Okay. I will give that to you. And in acknowledging that it is now my life’s ambition to protect her, it finally became real. Now existed. And the emotion changed to something that made more sense.
All this time, the pain that floated along inside the core of my being, which I thought was my penance for the decisions I made, I thought would stay with me forever, turned into a deep seated pain. A pain in recognizing that all she ever wanted was not love, but to be safe. She needed to be safe. Why would her fear always be of losing everything anyway?
It doesn’t matter anymore. Because after the intentions were set, the ritual put to bed, the drinks began to flow and so did the tears. Why do they always wait for the high to make them clear? That will change too. It has to soon.
The grieving had begun. I gave up everything. I said goodbye to all of the past and I set my eyes to the future. I put my faith in trusting what will come will come. I will need it all.

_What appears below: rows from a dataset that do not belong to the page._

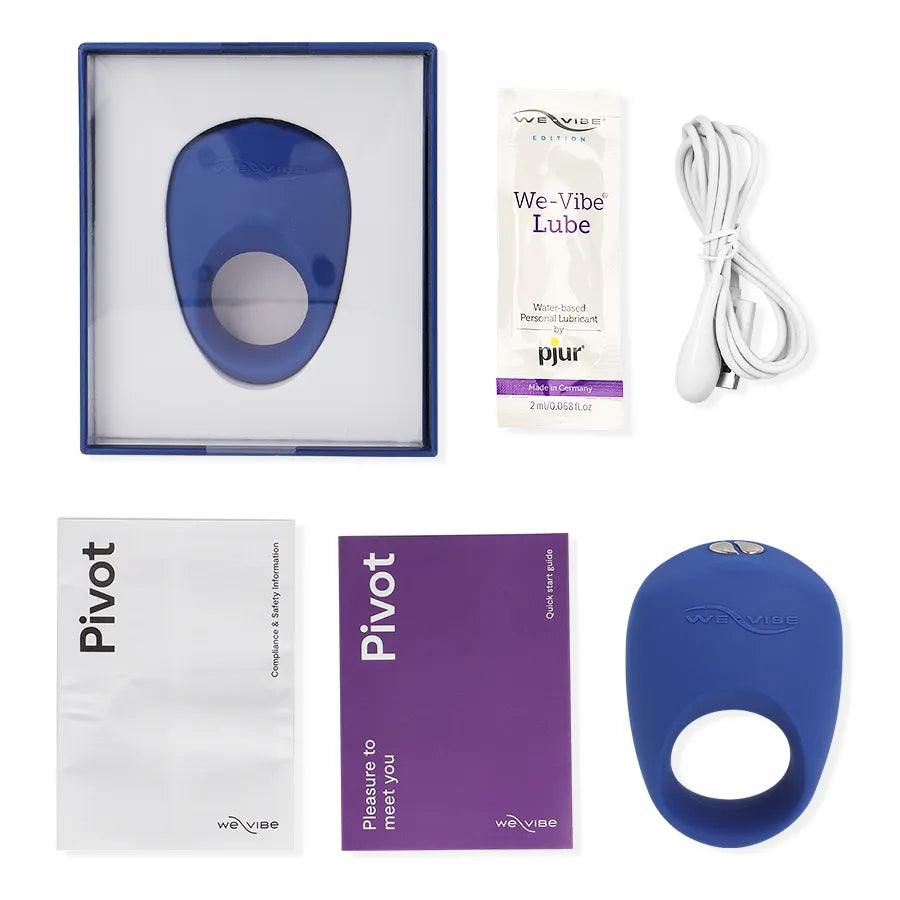 Anneau vibrant bleu en silicone, ergonomique, avec câble de recharge, lubrifiant et manuel, pour stimulation clitoridienne.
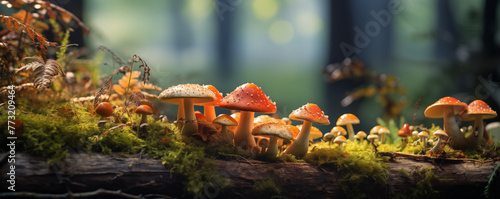 Wild mushrooms on a log in the forest, generated by ai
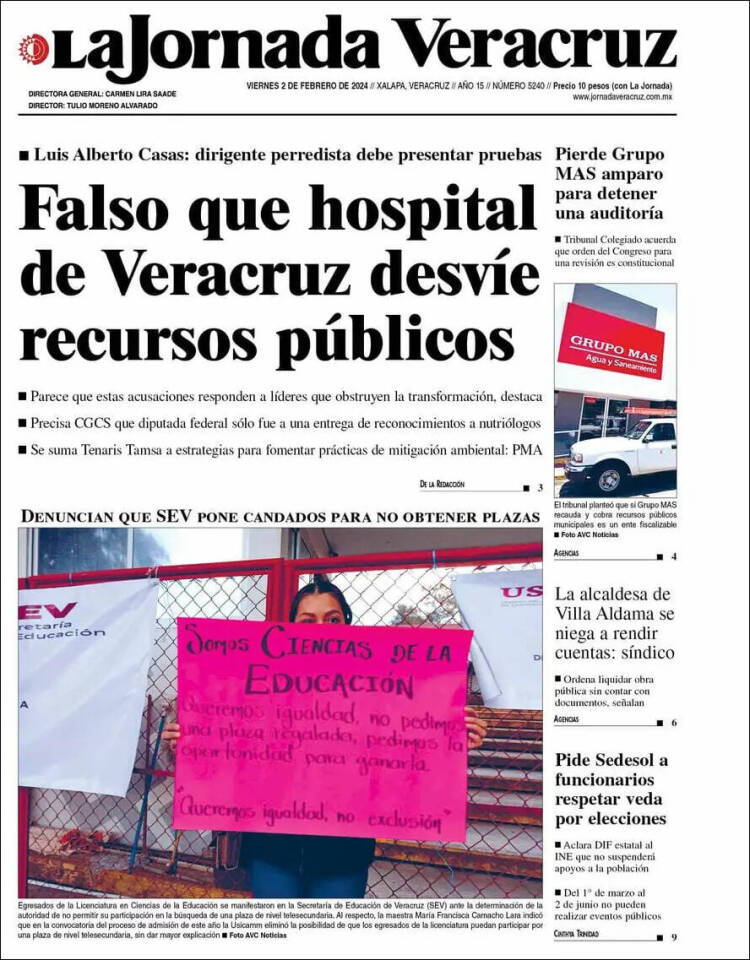 Portada de La Jornada Veracruz (M&eacute;xico)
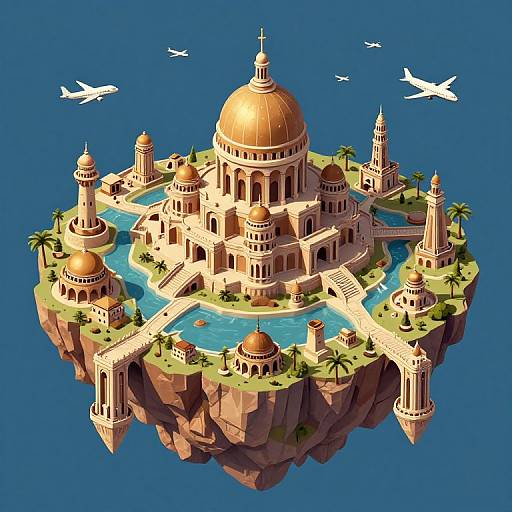 Isometric CGI of a floating, golden-domed, temple-like island with blue water, palm trees, and three white airplanes in the sky.
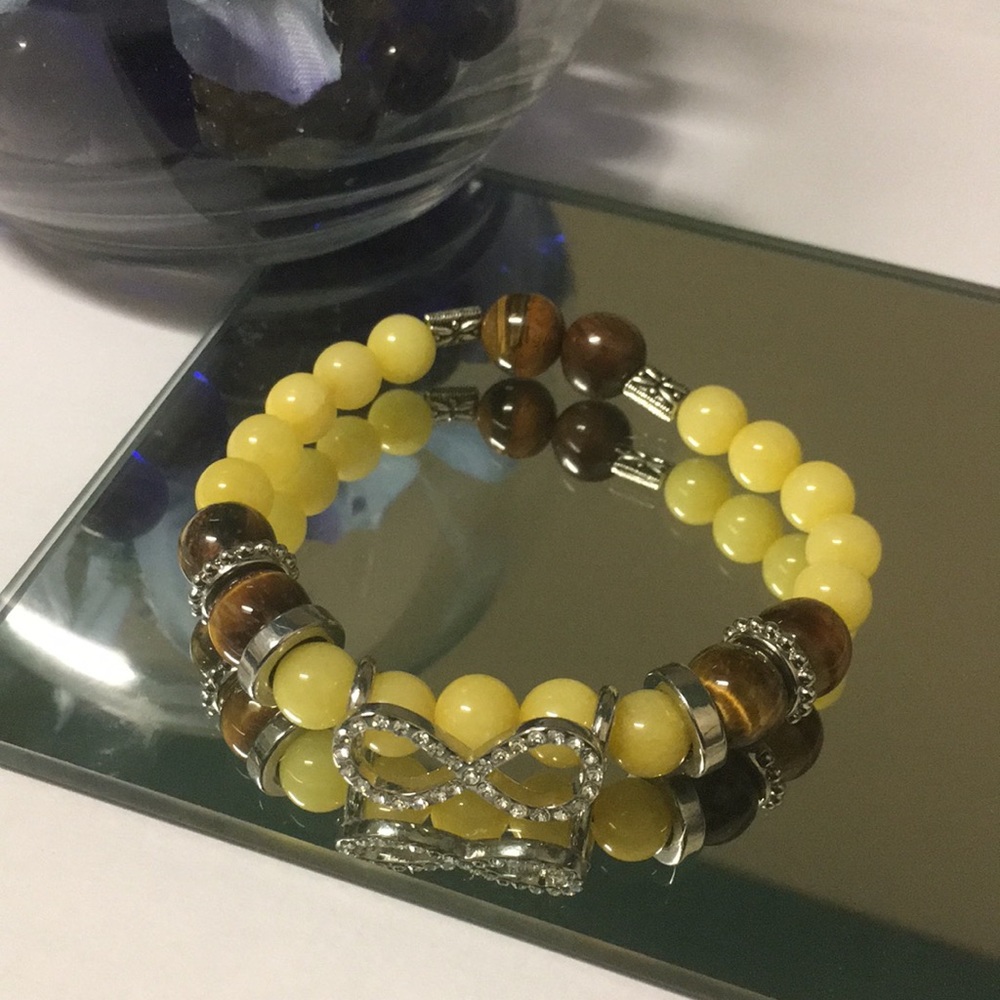 Healing Stone Bracelet with CZ Charm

Everyday before I walked away, I begged God to be clear in His signs so that I would know which step to take. So I wouldn’t fall on my face. I wear the scars of all the times I stumbled. Of all the times I jumped without looking. Clinging to a feeling that I thought would last forever, only to find it was a mirror with two sides.
Today was clear. I saw that Queen of Hearts. I will march on into the place that you showed me in my dreams. The place where I stand tall and free, loved, protected, and abundant in happiness. Thank you for providing me every ache that I needed to build myself. Thank you for ridding me of all the experiences that were past due their time. Thank you for placing just the right people in front of my face and just the right things inside of my hands.
A chapter has ended and a new one begun.